Interestingly, in both cases, observations of group 3 were not misclassified. Also, in both cases, the error rate for group 7 was the highest of all 9 groups. The high misclassification rates of group 7 may also be a symptom of its low prevalence in the data set.
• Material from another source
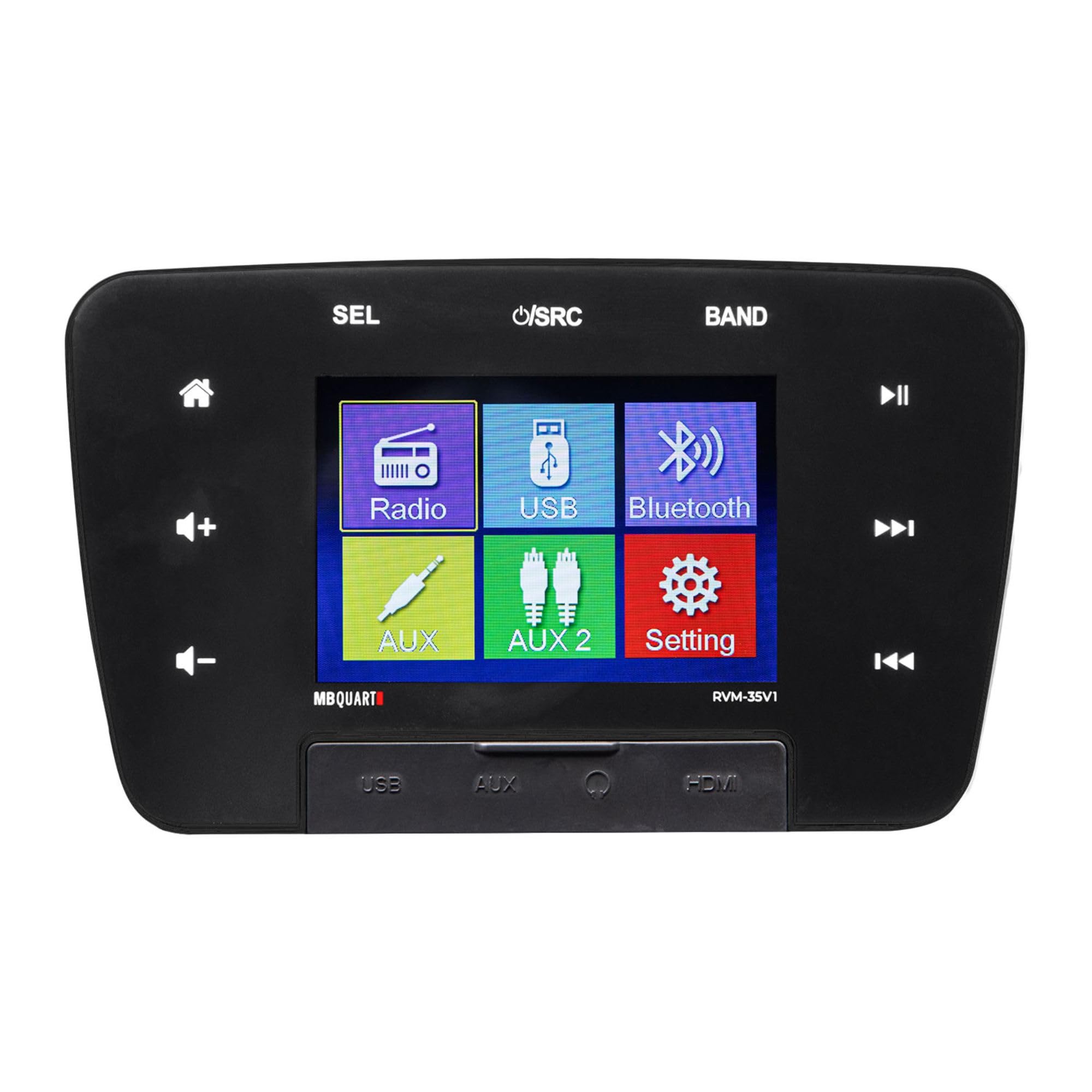 RVM-35V1 MB Quart 160W 3.5" Touchscreen Mechless Multimedia Bluetooth Source Unit w/Multi-Zone Audio, USB, AM/FM Radio & Camera Input for RVs & Cars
Some interesting talking points:
Focusing on the volume of the mistakes over the 5 stratified folds, there were (12+8+6+10+5) 41 mistakes , (4+6+5+6+1) 22 of these were either observations of group 4 mistaken as group 5 or observations of group 5 mistaken as group 4. We may want to look at ways to more clearly discriminate between these two groups.